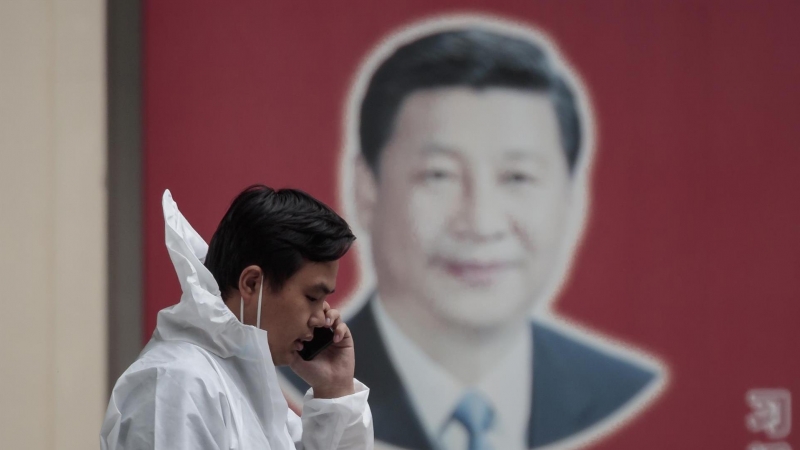 Un hombre con equipo de protección habla por teléfono en la calle, frente al cartel del presidente chino Xi Jinping, en medio del bloqueo de Covid-19 en Shanghái, China, el 23 de mayo de 2022.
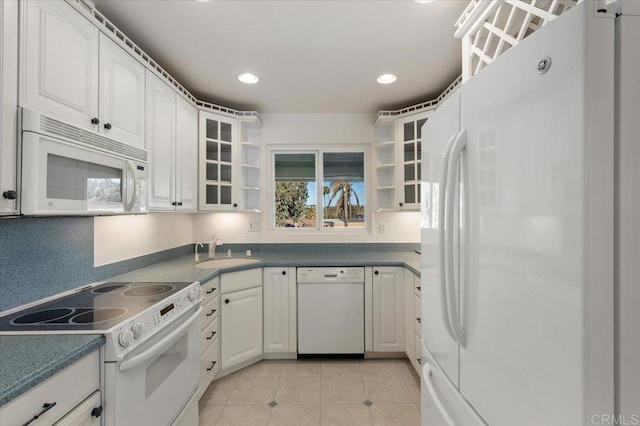 kitchen featuring white cabinetry, sink, light tile patterned flooring, and white appliances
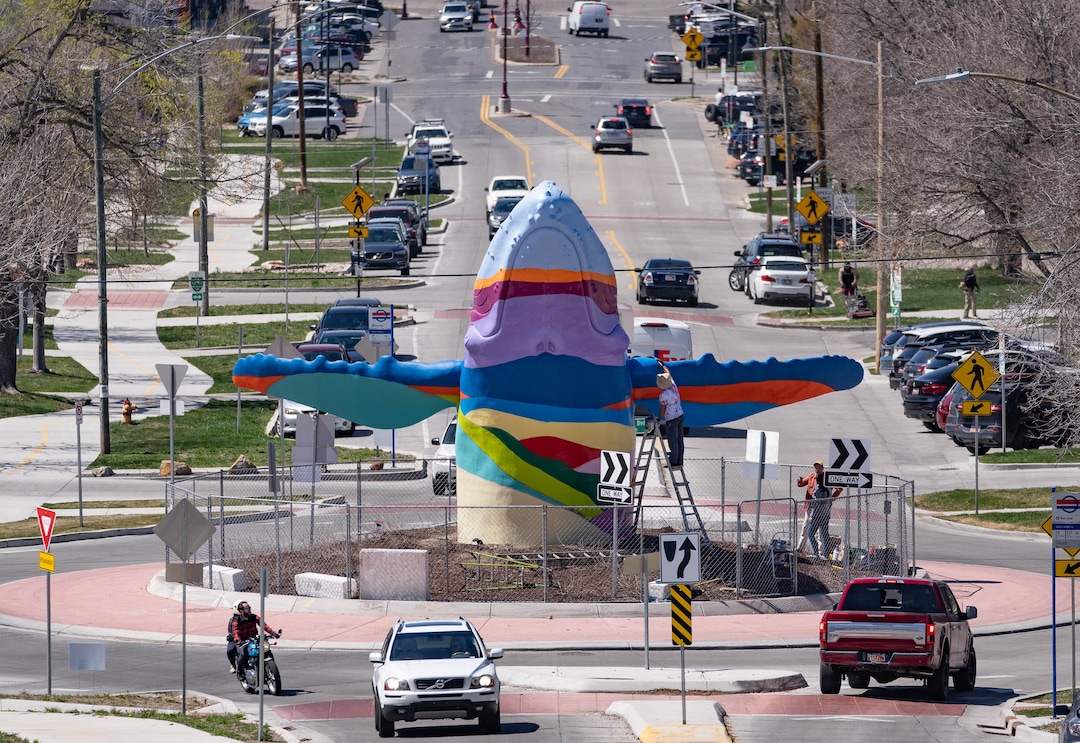(Francisco Kjolseth | The Salt Lake Tribune) The large breaching humpback whale sculpture at the intersection of 900 South 1100 East gets its inaugural paint scheme inspired by the view of the Salt Lake valley on Friday, April 8, 2022. A new artist is expected to change the paint design every few years. 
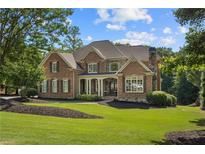 Stately brick home featuring manicured lawn, mature trees, and covered front entry at 13037 Overlook Pass, Roswell, GA 30075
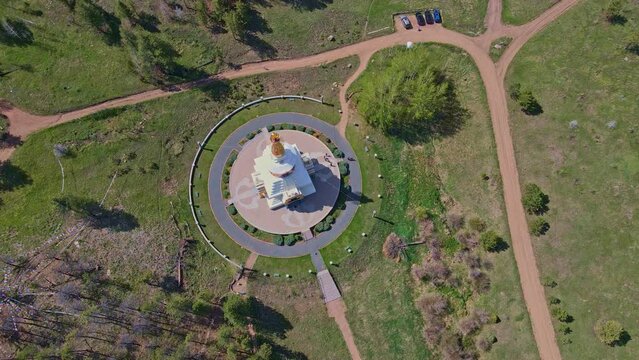 Experience the serene majesty of the Great Stupa of Dharmakaya from a mesmerizing bird's eye perspective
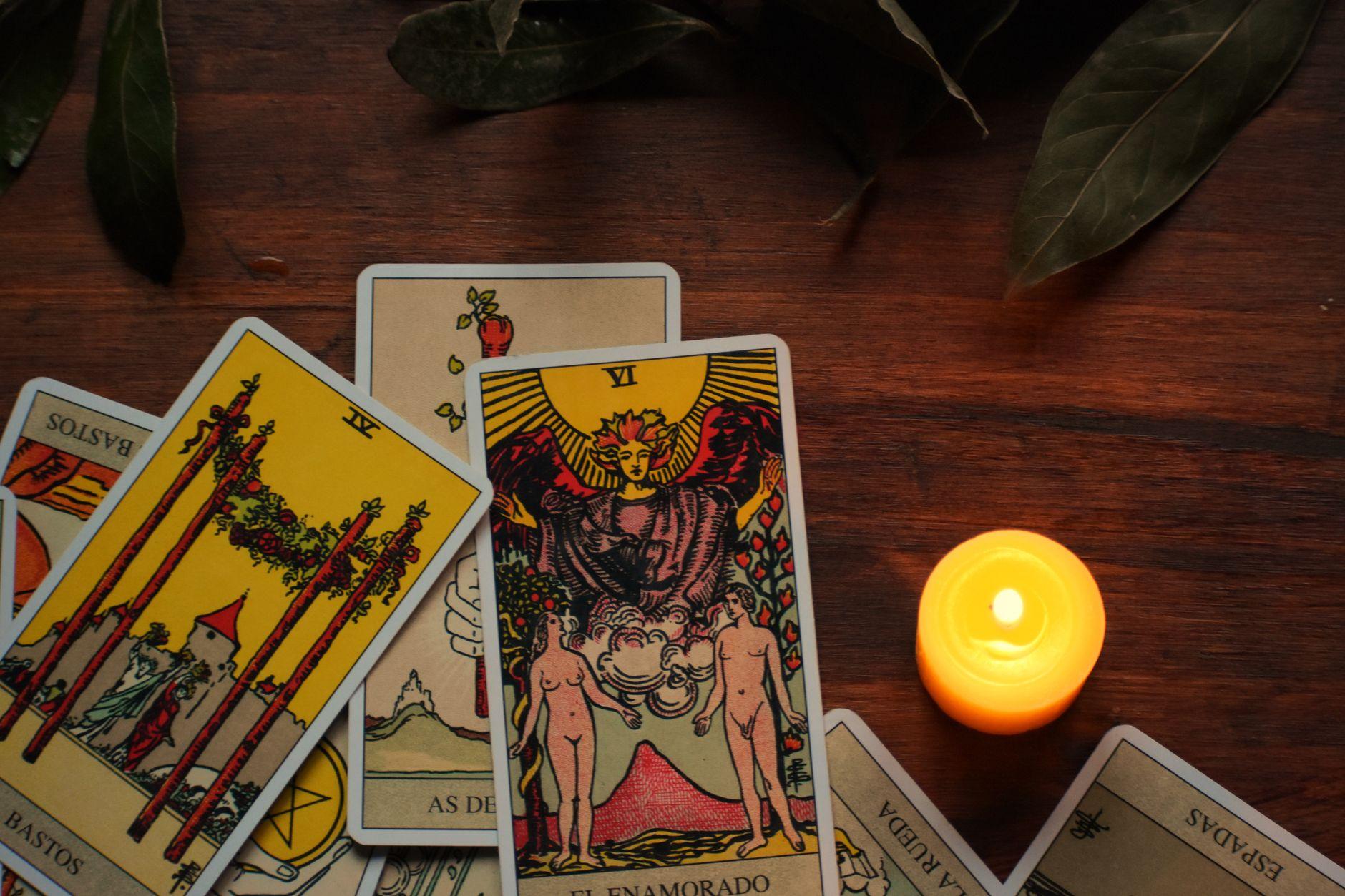 Tarot cards spread on a table beside a lit candle in a dim, mystical room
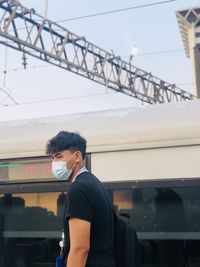 Side view of young man standing in train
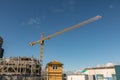 Large Yellow Construction Crane Against Blue Sky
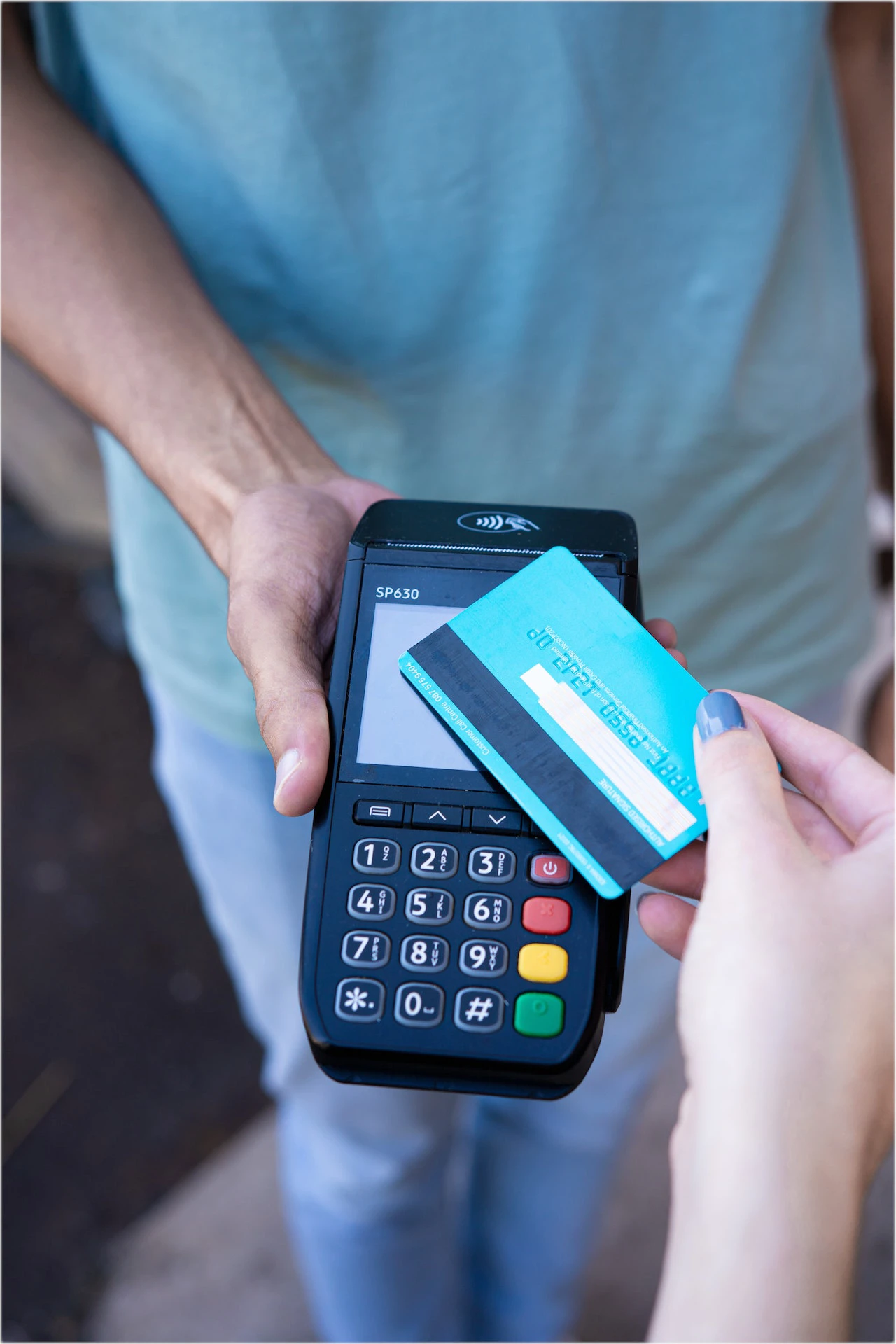 contactless payment device with someone holding a debit card over it - how to remortgage if you're self eemployed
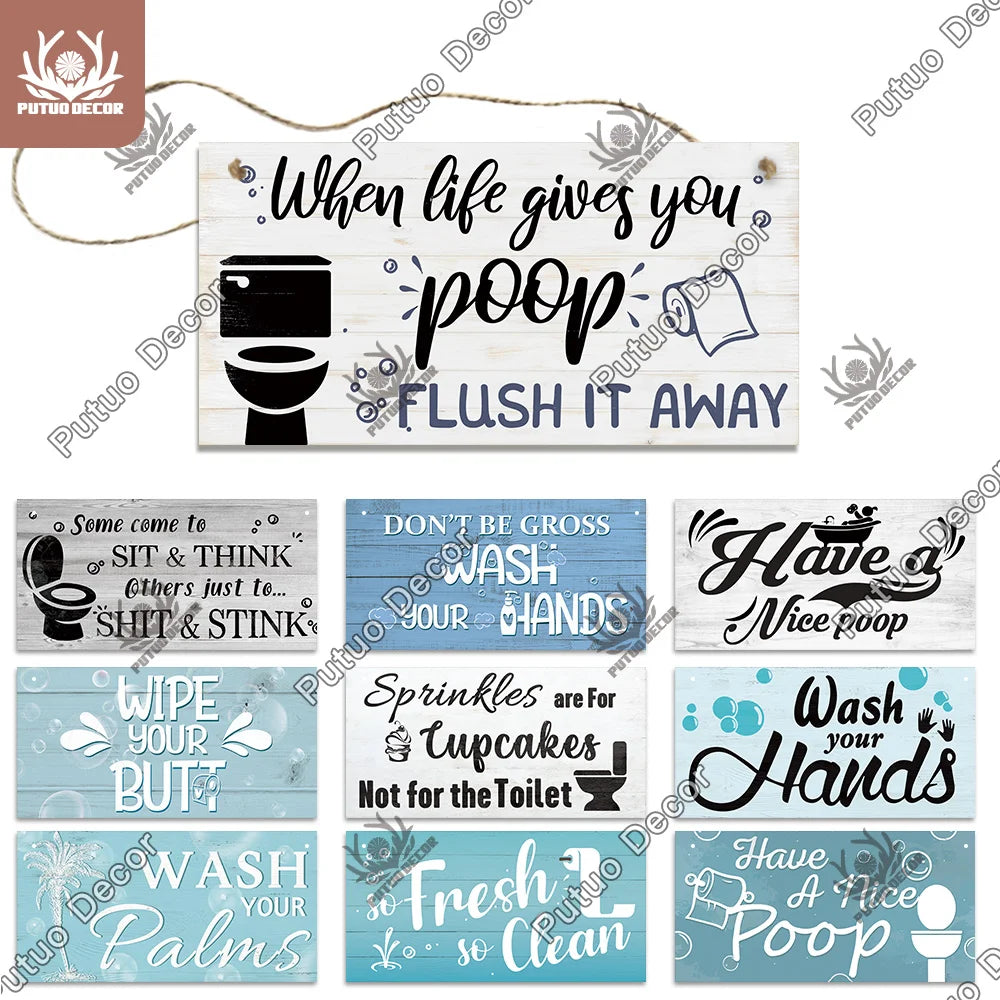 A set of rustic wooden signs with humorous phrases about using the toilet and washing hands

_ _ _

**REQUIRED ACTION**
What is needed is an exact copy of the data, with the pictures removed.

**TASK ANSWER**
 Un hombre con equipo de protección habla por teléfono en la calle, frente al cartel del presidente chino Xi Jinping, en medio del bloqueo de Covid-19 en Shanghái, China, el 23 de mayo de 2022.
 kitchen featuring white cabinetry, sink, light tile patterned flooring, and white appliances
(Francisco Kjolseth | The Salt Lake Tribune) The large breaching humpback whale sculpture at the intersection of 900 South 1100 East gets its inaugural paint scheme inspired by the view of the Salt Lake valley on Friday, April 8, 2022. A new artist is expected to change the paint design every few years. 
 Stately brick home featuring manicured lawn, mature trees, and covered front entry at 13037 Overlook Pass, Roswell, GA 30075
 Experience the serene majesty of the Great Stupa of Dharmakaya from a mesmerizing bird's eye perspective
 Tarot cards spread on a table beside a lit candle in a dim, mystical room
 Side view of young man standing in train
 Large Yellow Construction Crane Against Blue Sky
 contactless payment device with someone holding a debit card over it - how to remortgage if you're self eemployed
 A set of rustic wooden signs with humorous phrases about using the toilet and washing hands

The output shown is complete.